Why? It’s not like they wear and tear?

One advantage of pushing the computing on the user-side is that it reduces the load on the server: less requests, less processing and smaller request sizes. Thus it reduces the bill for the developers/companies :)
The server load from a server-side rendered page vs an API call that returns JSON is... very minimal.

Unless you're building at great scale, it's such a negligible difference that it really shouldn't be part of your decision making process, IMHO.

[Edit: I don't want to get into this argument right now]
the original web architecture has sophisticated client-side caching built into it, all modern browsers support it:

https://developer.mozilla.org/en-US/docs/Web/HTTP/Caching

the difference between constructing a string of JSON and a string of HTML is a round off error when compared with network connection costs and data store accesses, etc.

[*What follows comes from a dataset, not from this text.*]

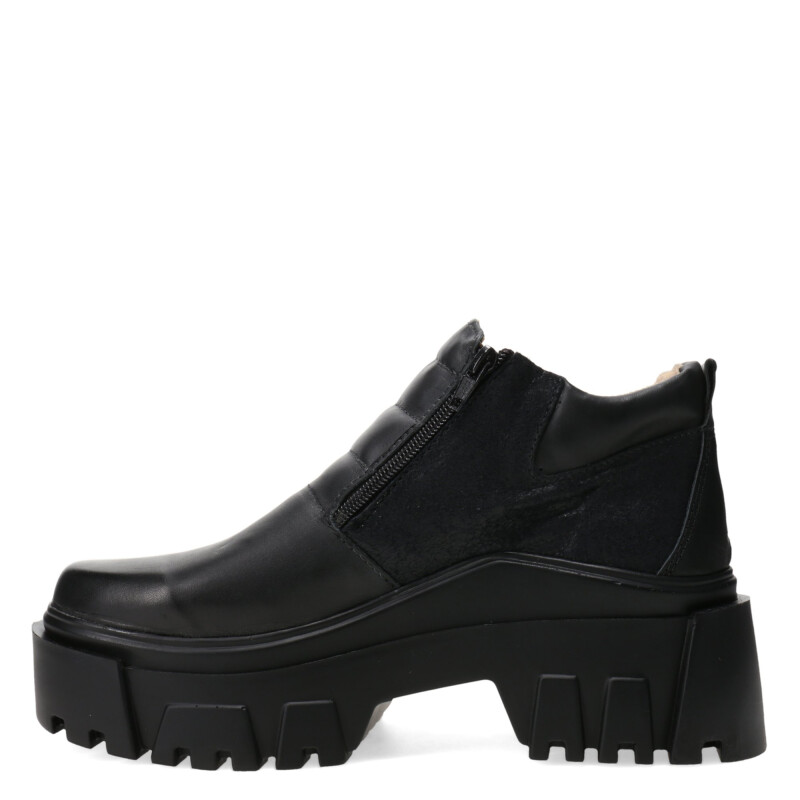 Zapatos de Mujer Miss Carol HAI de cuero con cierre lateral Negro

I'm guessing you haven't measured it, as IME it certainly is true. Try it, you might be surprised.

Also, SSR'd pages can be cached too.

"The server load from a server-side rendered page vs an API call that returns JSON is... very minimal."

That greatly depends how you designed your architecture and if you have just a simple webpage or a sophisticated webapp displaying data in various ways.

My main app is designed to work mainly offline, with bursts of data transfer. All the state is local. Sending html from the server would mean in my case, the server would need to know and keep track of all the user states and data.

>One advantage of pushing the computing on the user-side is that it reduces the load on the server:

But we don't need complicated frameworks on the server, keeping track of changes in a shadow DOM and updating the real DOM afterwards.

The server will likely just use some html templates in which it will replace some variables with strings and numbers. Easy peasy, both for the server and for the developer.

Since all the clients have to do the work, doesn't that result in a net increase in electricity consumption? Since most electricity comes from fossil fuels doesn't that in net hurt our battle against climate change?
Servers are probably a bit more energy efficient than most consumer devices, but in general it does not matter if you calculate it at A or at B. Somewhere it needs to be processed.

You were maybe thinking of processing once and then push it to thousands of clients? Those scenarios exists, but are the exception and not the topic here.

> Those scenarios exists, but are the exception

More like, they are the rule.

So by spending thousands of dollars on developer time we can save dozens of dollars on server costs? ;)
The developer time isn't higher than if it was server side rendered. And for some applications, like the ones I'm building, it would be impossible to do the work on the server.
I wouldn't say that it increases developer time. From my (sure, limited) experience of building both with Flask (Django-like, Python BE framework) and Svelte, the difference between developer time is negligable, if not in favor of building on the client - the component frameworks bring much more to the table, like scoped CSS, often better editor support for dynamic values in the HTML templates etc.
It is all a question, of how big you want to scale it.
Stack Overflow runs SSR with a half a dozen servers. How much more scale do you need?
Eeeeeeexactly
> For pete’s sake, just let your server serve html

You do realize this means all the user data has to be sent to the cloud? Which is what we want to escape? Hypermedia was created for bots for discoverability, I don't know why anyone would think this is an user-centric concept.